The oceanic iron cloud spreads for more than 1,000 kilometers (621 miles) across the Atlantic from west of Angola, Africa, to northeast of Rio de Janeiro, Brazil. The iron-rich waters flow 1,500 to 3,500 meters (4,921 – 11,482 feet) beneath the surface of the ocean. The complete extent and shape of the iron plume remains to be discovered.

“We had never seen anything like it,” said Mak Saito, Woods Hole Oceanographic Institute scientist and lead author of the study, in a press release. “We were sort of shocked—there’s this huge bull’s-eye right in the middle of the South Atlantic Ocean. We didn’t quite know what to do with it, because it went contrary to a lot of our expectations.”
Cracks in the Earth crust, or hydrothermal vents, on the ocean floor released the iron. However, the type of vent came as a surprise to the Woods Hole Oceanographic Institute and University of Liverpool oceanographers who discovered it.

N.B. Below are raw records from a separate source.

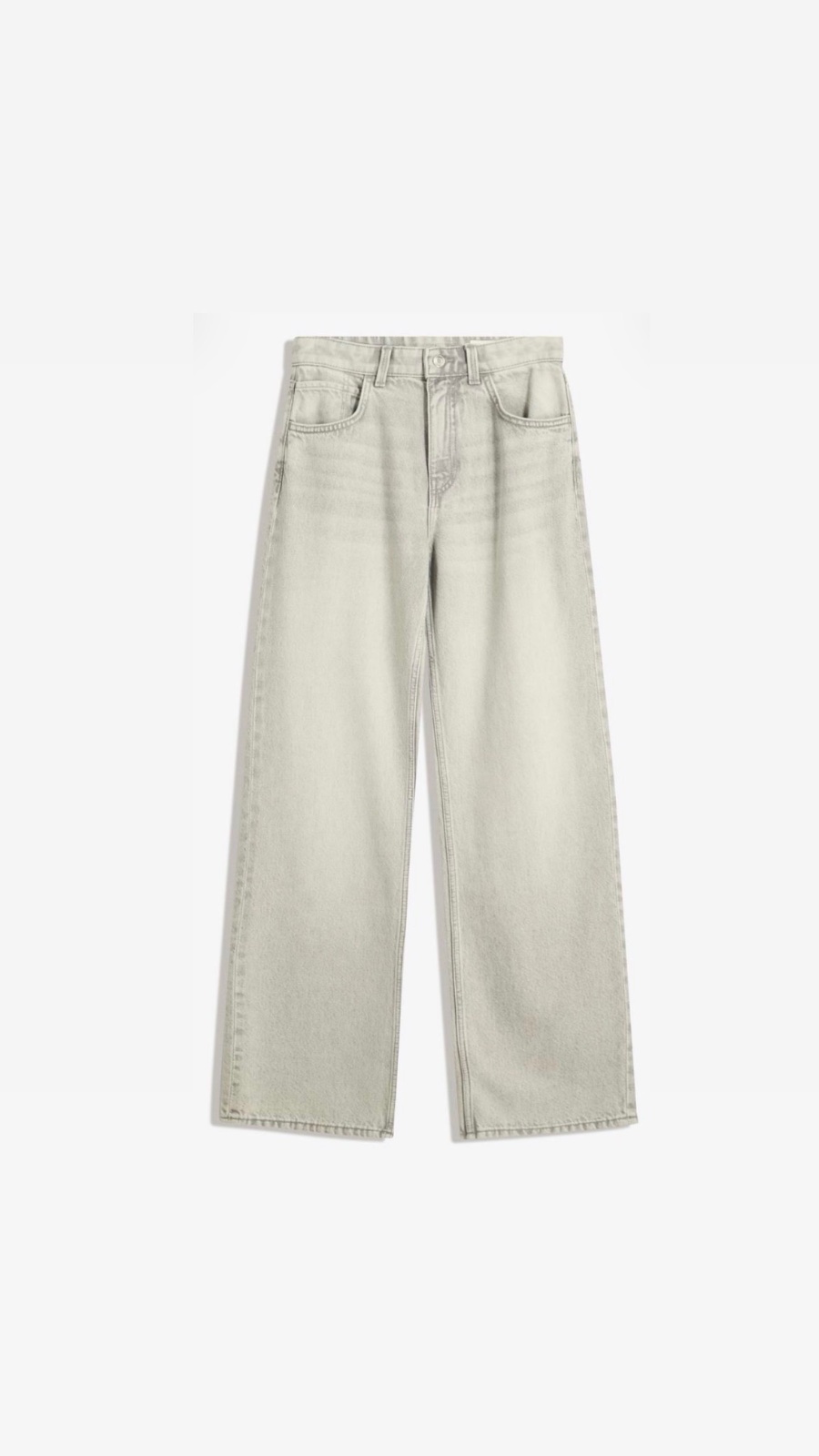 Bershka Jeans wide leg straight taille haut 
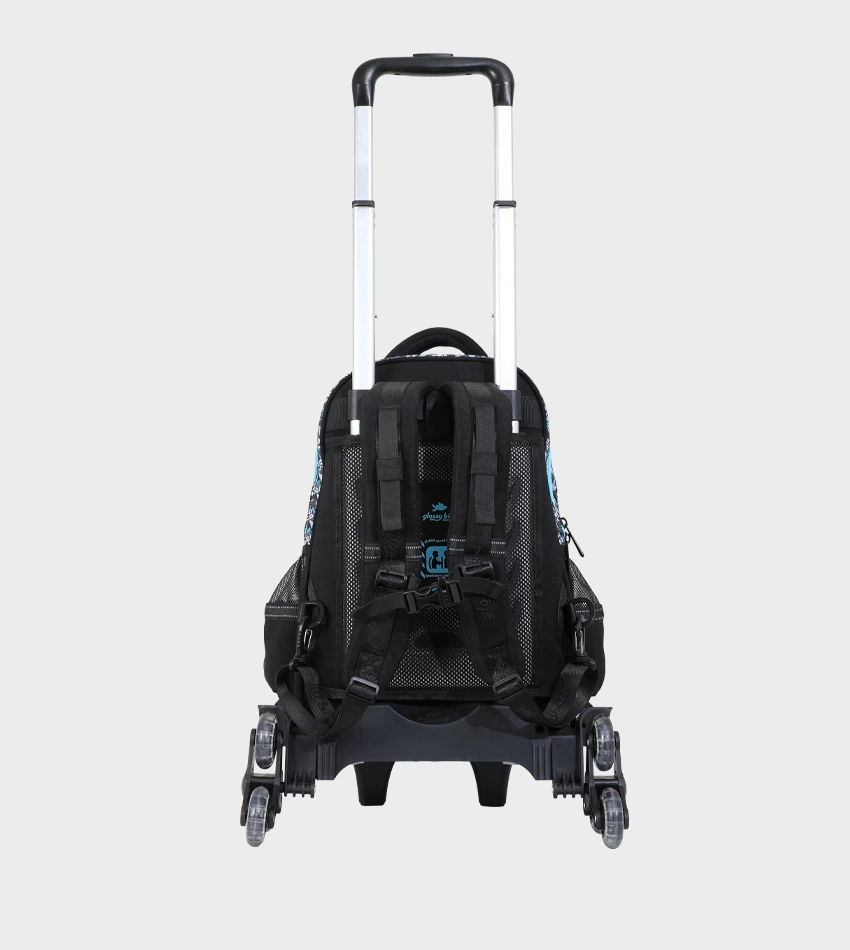 Cartable Enfant à Roulettes Détachable 17" + Lunch Bag + Trousse (Chariot Vendu Séparément) - GB5387T – Image 23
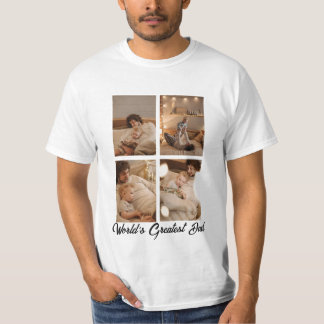 Personalised One Of A Kind Family Photo Collage T-Shirt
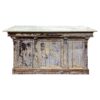 19th Century French Marble Topped Bakery Counter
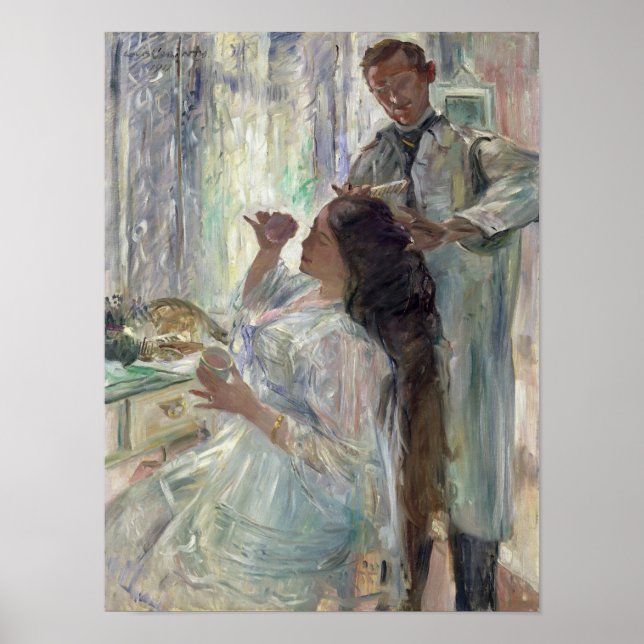 Pôster Charlotte Corinth At Her Dressing Table, 1911 (Frente)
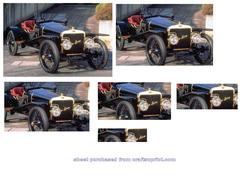 Vintage Car Pyramid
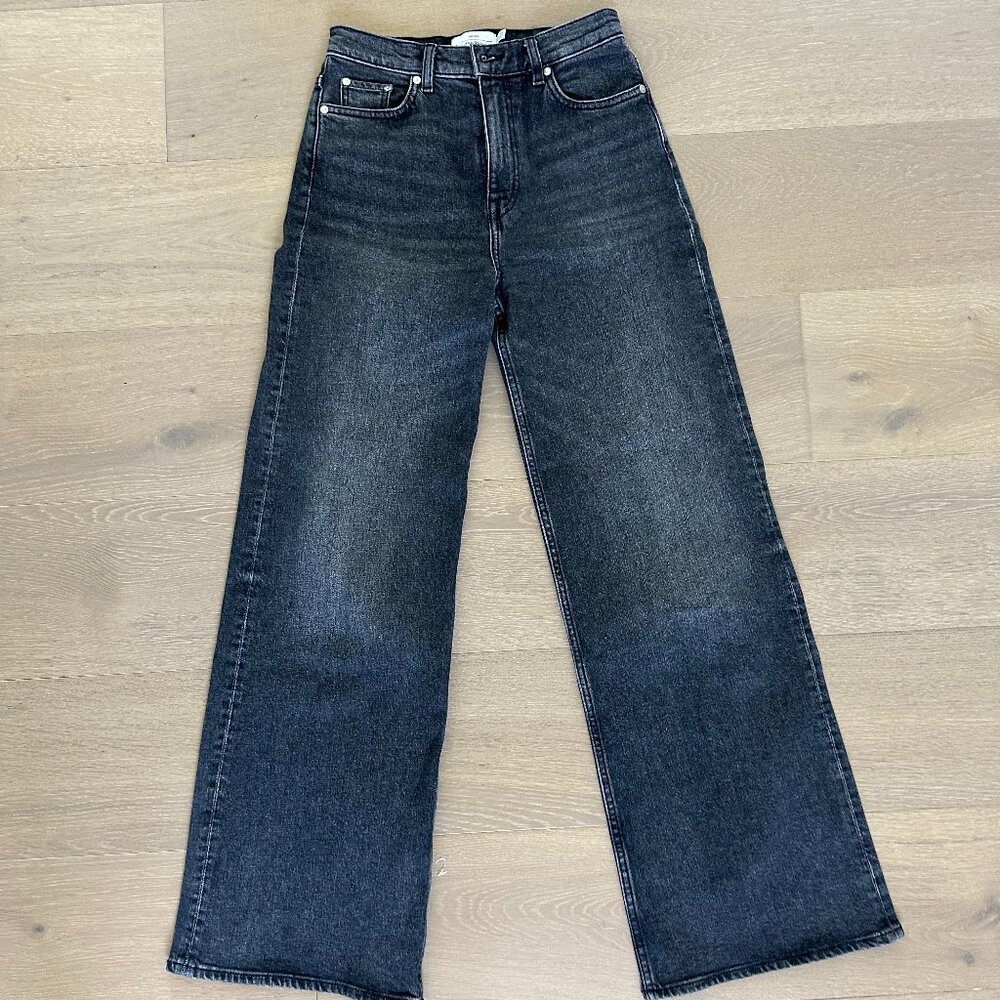 & Other Stories denim black wide leg jeans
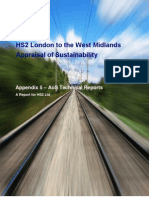 HS2 Assessment of sustainability - technical reports 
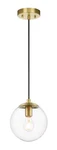 Modern Globe Pendant Brass Kitchen Lighting With Clear Glass. Fixed Price $65.99.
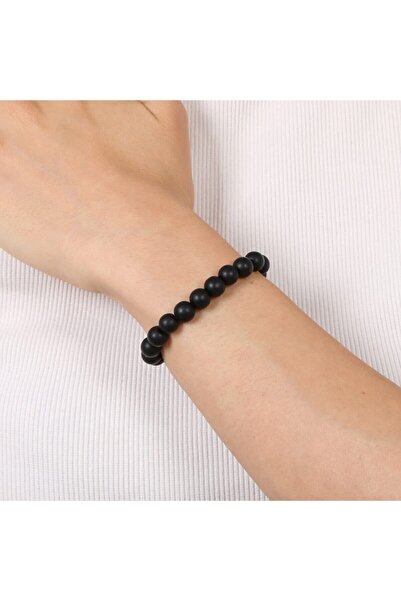 Mystic Energy Certified Natural Stone Onyx (Oni̇ks) Unisex Bracelet |   Gift Natural Stone |   Gift Natural Stone
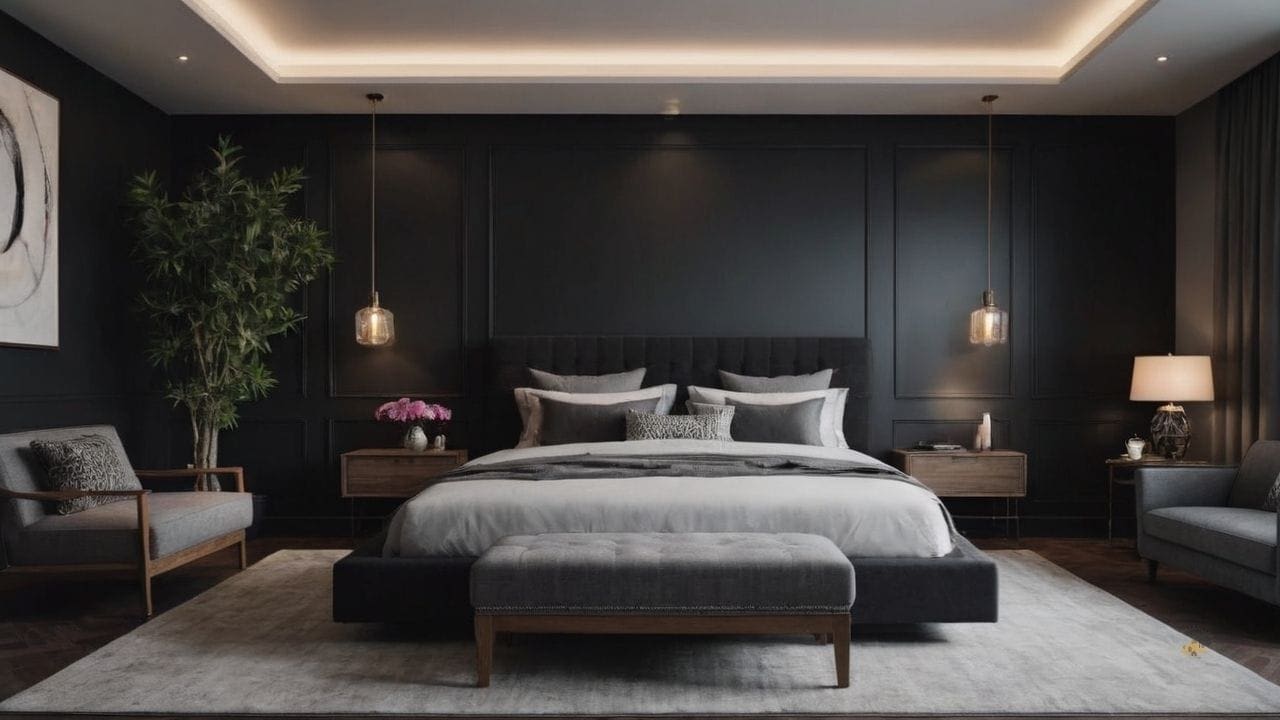 24. Quarto preto proporciona inspiração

A long ridge splits the Atlantic Ocean as geological forces gradually force the ocean wider. The slow-spreading Atlantic ridge was thought to produce less iron and other chemicals than vents in regions with speedier splits, like the ridge in the eastern Pacific.
“This study and other studies like it are going to force the scientific community to reevaluate how much iron is really being contributed by hydrothermal vents and to increase those estimates, and that has implications for not only iron geochemistry but a number of other disciplines as well,” said Saito.


The Atlantic Ocean iron plume may provide a smorgasbord for oceanic phytoplankton, the tiny, plant-like organisms that form the base of many marine food webs.
Those phytoplankton provide food for fish and whales. The plankton also suck in large amounts of carbon dioxide. When the plankton die they can carry that carbon with them to bottom of the ocean.